I know a couple of guys that use it and they love it.  But it seems they are expensive.  The people I know make their own out of innertubes.  They go to a tractor store and buy the material.  I beleive there is a youtube video that shows how to make one and use one.  I would check but I'm having trouble with youtube for some reason.


----------



## Tgace (Sep 17, 2012)

baron said:


> I know a couple of guys that use it and they love it.  But it seems they are expensive.  The people I know make their own out of innertubes.  They go to a tractor store and buy the material.  I beleive there is a youtube video that shows how to make one and use one.  I would check but I'm having trouble with youtube for some reason.



Yeah..that's what my buddy Paul (in the video) did. Your right...from what I hear, the commercial bags are crazy expensive.

Another twist on the kettlebell as I see it....

Sent from my Kindle Fire using Tapatalk 2


----------



## Takai (Sep 18, 2012)

Tgace said:


> Another twist on the kettlebell as I see it....

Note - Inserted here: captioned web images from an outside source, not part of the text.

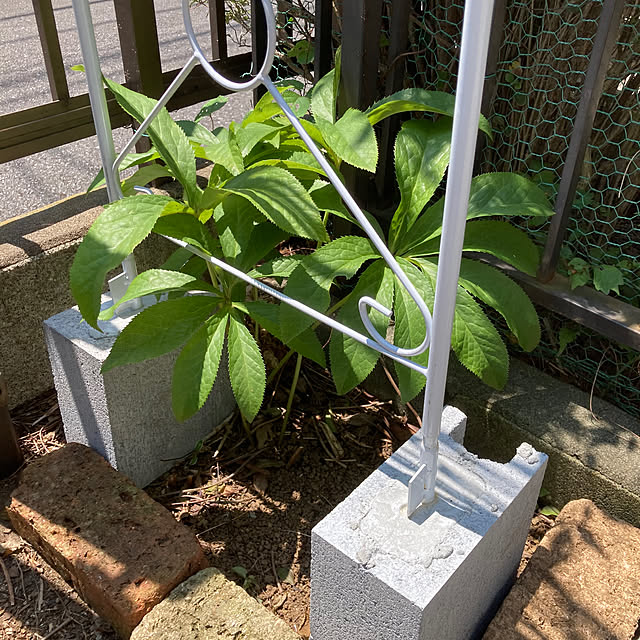 onokenkoさんの部屋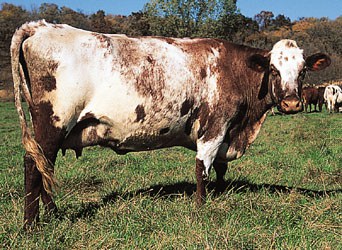 Deoni cattle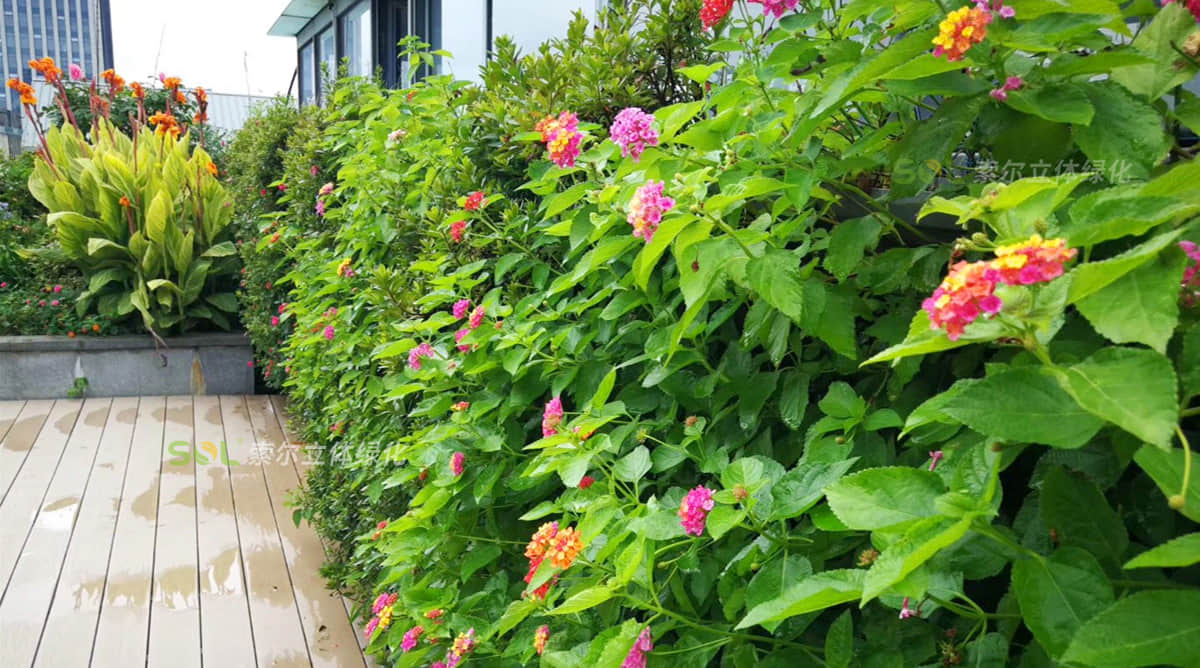 索爾大樓屋頂花園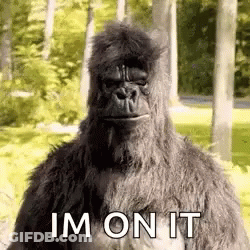 Stuffed Gorilla Saying Im On It GIF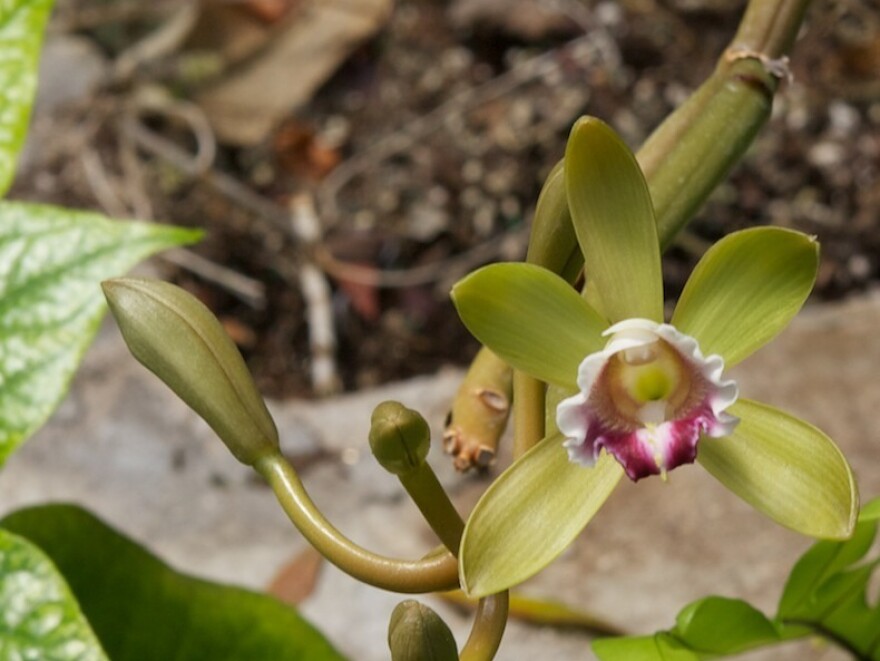 Fun fact: The vines that vanilla beans grow on also produce orchids.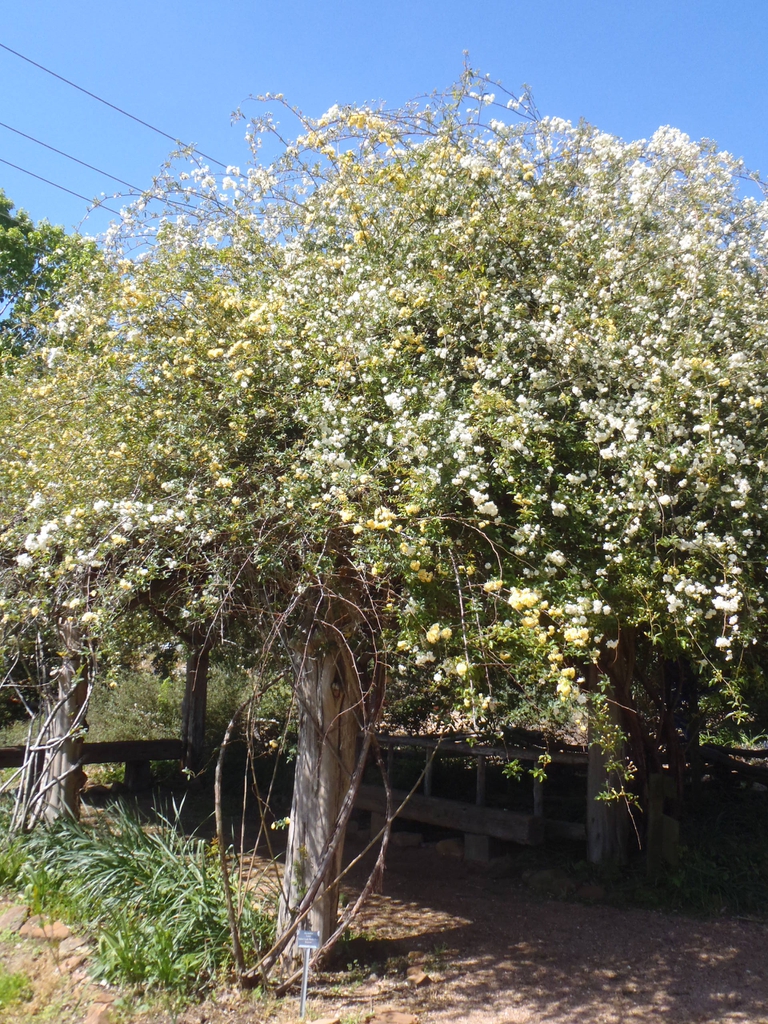 Rosa banksiae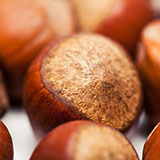  Hazelnut 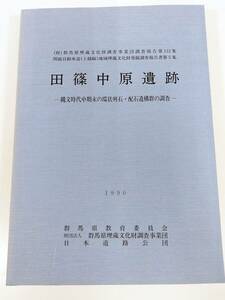 384-D17/田篠中原遺跡 縄文時代中期末の環状列石・配石遺構群の調査/群馬県教育委員会/1990年 付図付き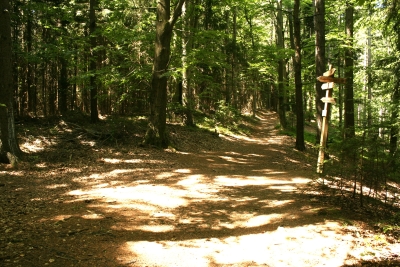 009 Fri 1.0km straight ahead.JPG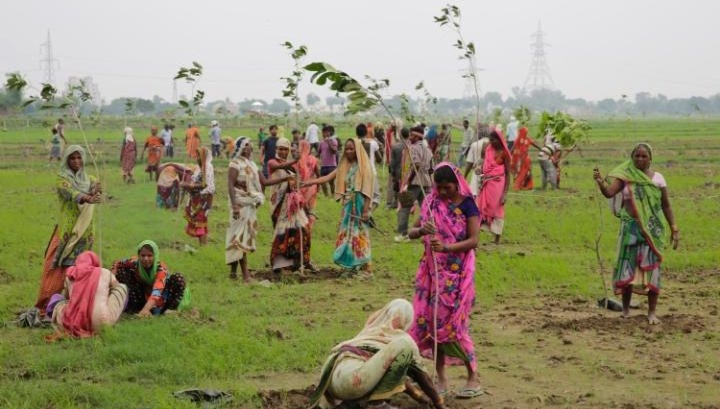 Indian women plant saplings in the attempt to set a record (Photo credit: AP Photo/Rajesh Kumar Singh)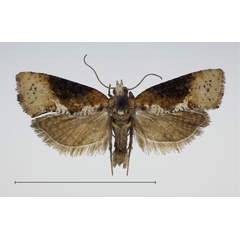 /filer/webapps/moths/media/images/I/iringana_Multiquaestia_PT_KSund_01.jpg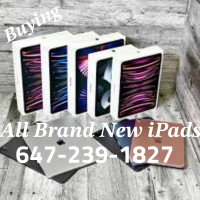 Get Instant Cash For Brand New Sealed iPad, iPad Pro & iPad Mini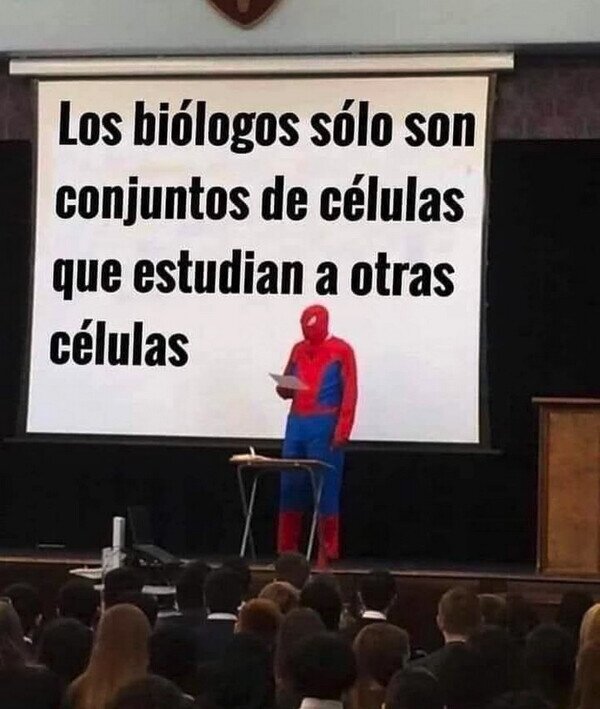 CC_2819539_cb1a4cbc9c2841619fe15055e334f4b6_meme_otros_pensandolo_asi.jpg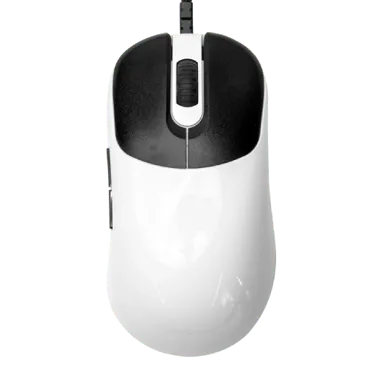 VAXEE ZYGEN NP-01S Glossy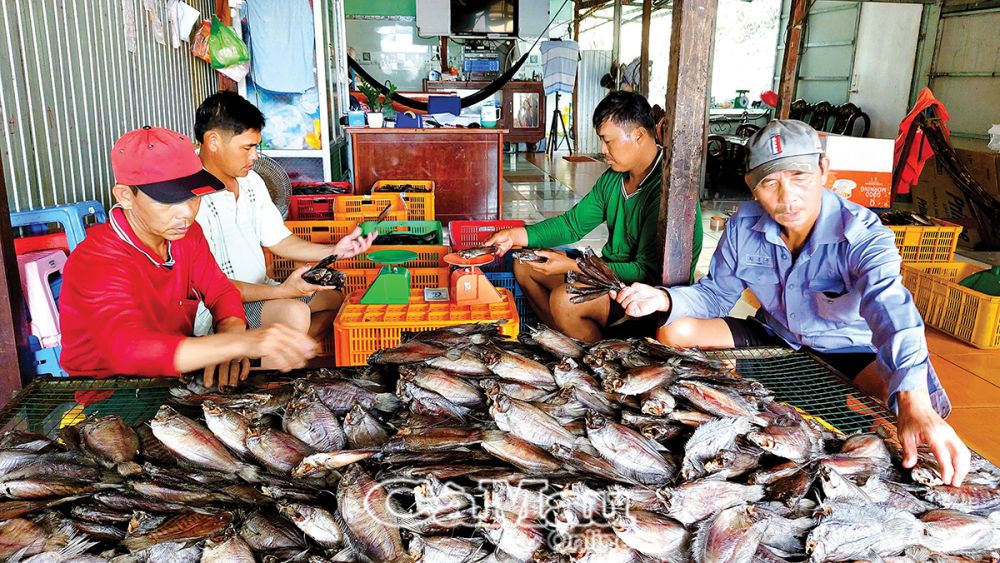 Nhờ cải tiến quy trình, kỹ thuật sản xuất, đến nay Cơ sở sản xuất cá khô bổi Tám Oanh, ấp Kinh Cũ, xã Trần Hợi, có 2 sản phẩm được công nhận OCOP 4 sao: cá khô bổi và bổi 1 nắng. Ảnh: ANH QUỐC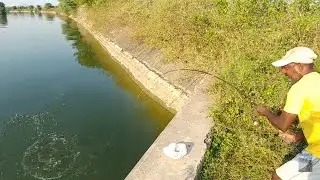 Amazing hook fishing | Catching rohu fishes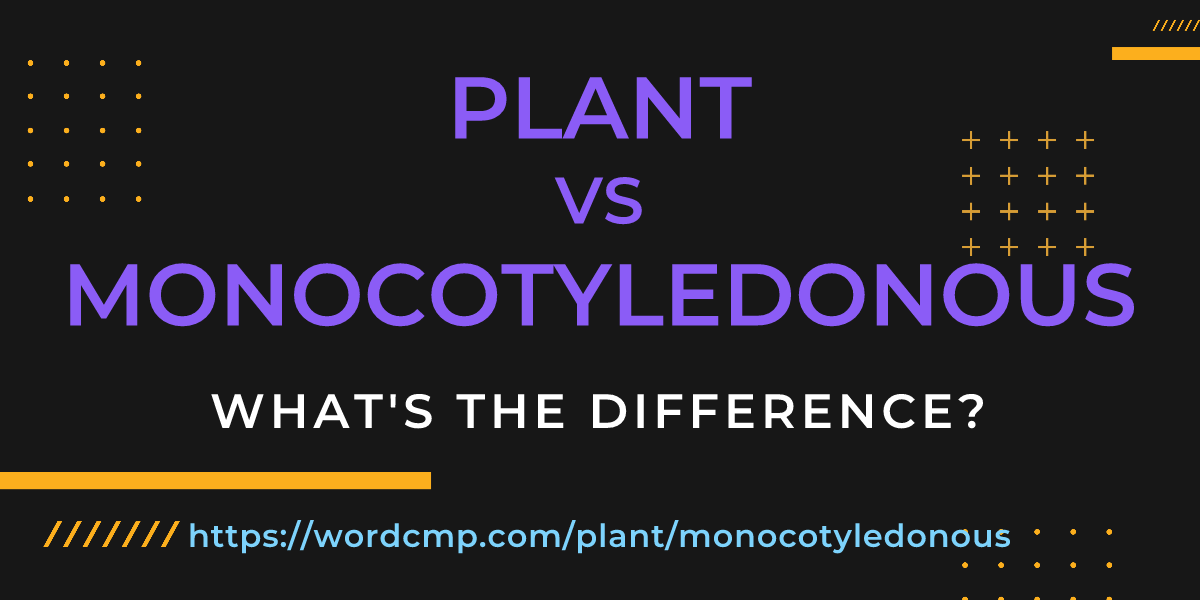 Difference between plant and monocotyledonous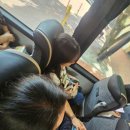 성현미트 이미지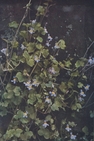 ivy-leaved toadflax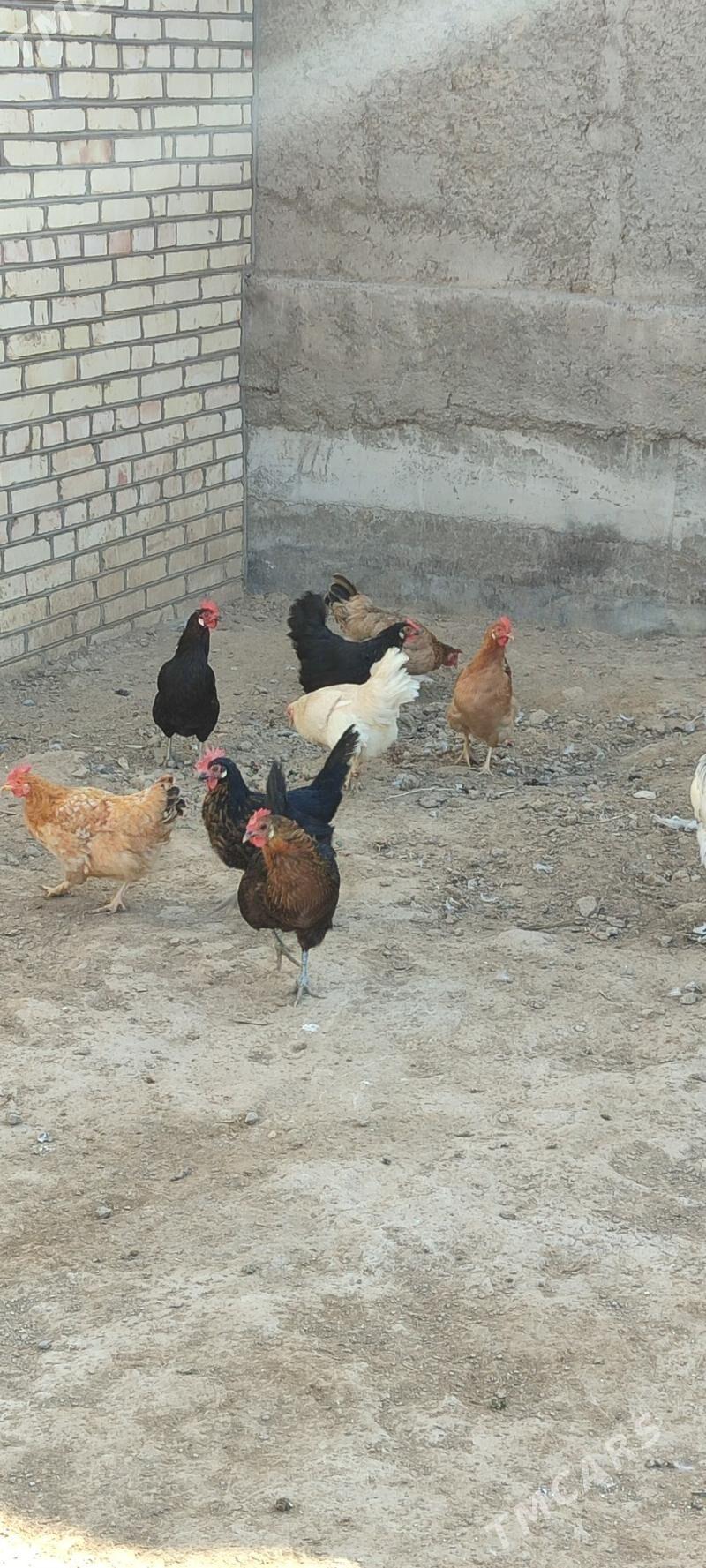 tovuklar - Mary - img 9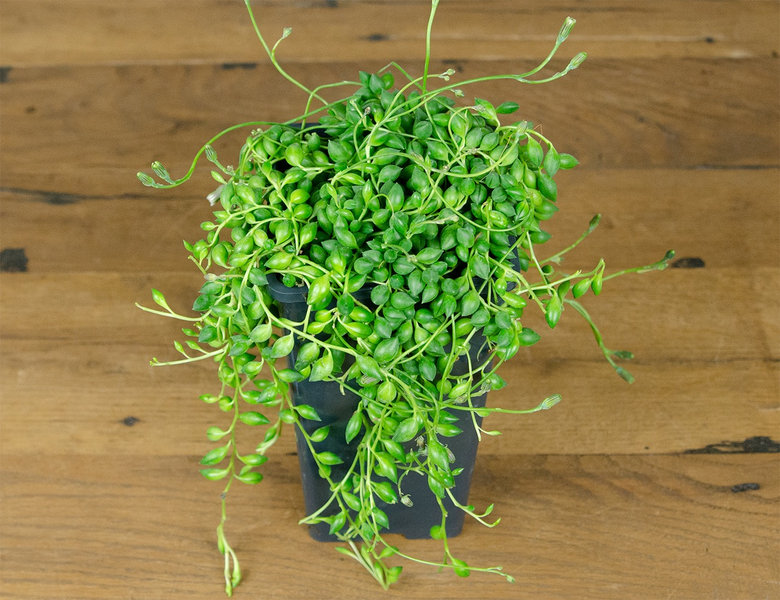 Крестовник Геррейна Ø14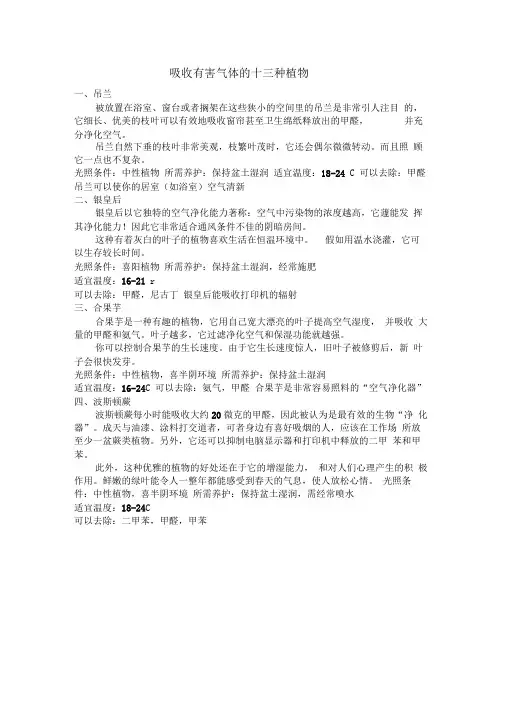 吸收有害气体的十三种植物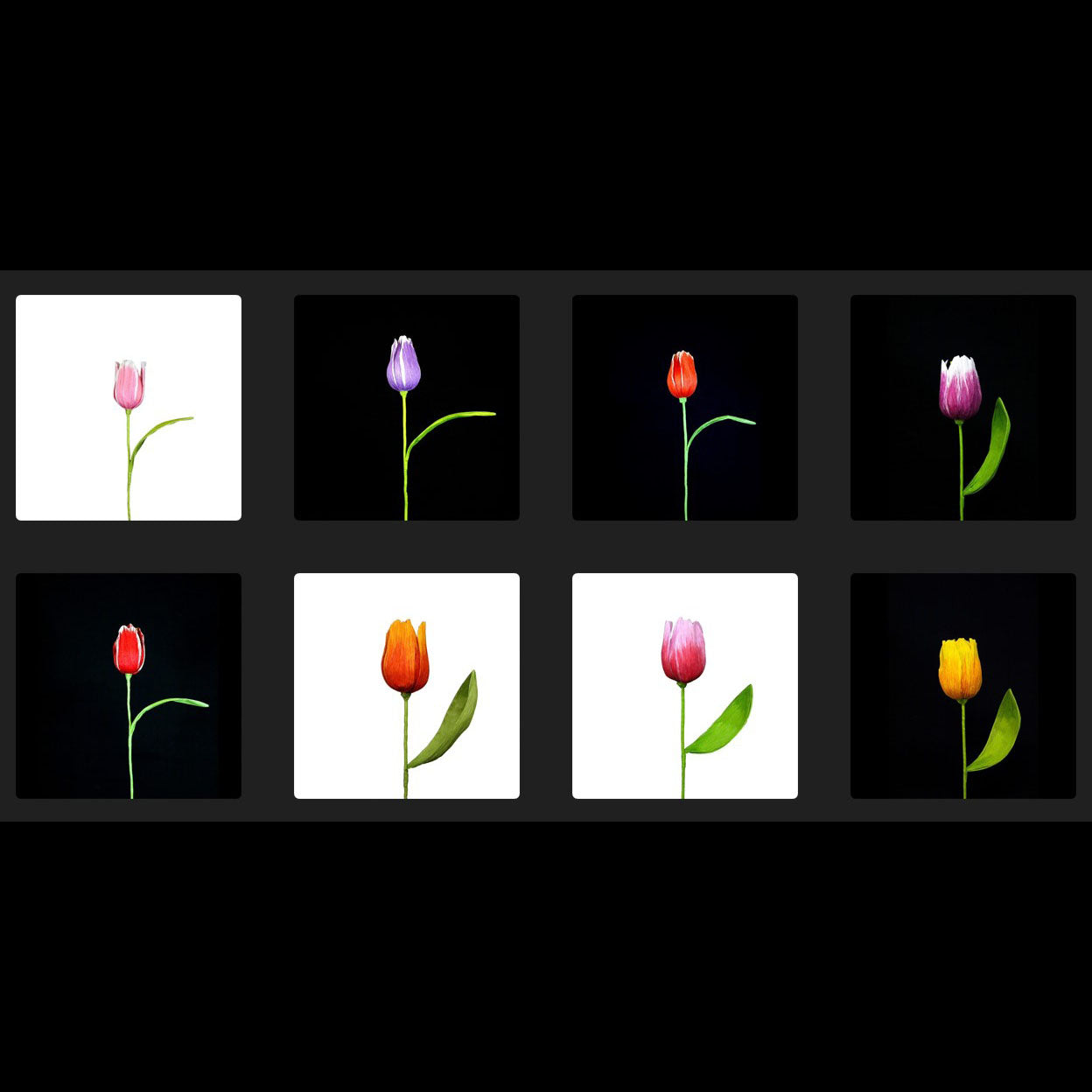 AC10103 BIG TULIP,27.5in-16P/64/5.19'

I would agree with that sentiment.


----------



## PoolMan (Dec 8, 2012)

Bulgarian sandbags are awesome!! I workout with them often. We have a bunch of them of various weights were I train. Don't buy them though they are way too expensive. We made ours for a cost of about $20.00 each. You can find several videos on youtube on how to make them and how to use them.


----------



## MikeBielat (Dec 8, 2012)

That looks both painful and awesome at the same time. I want one.


----------



## mook jong man (Dec 8, 2012)

I seem to remember a Bulgarian gentleman mentioning this , but he may very well have been referring to his wife.


----------



## MikeBielat (Dec 8, 2012)

That's the Bulgarian Hag lol.


----------



## PoolMan (Dec 9, 2012)

mook jong man said:


> i seem to remember a bulgarian gentleman mentioning this , but he may very well have been referring to his wife.



lmao!!


----------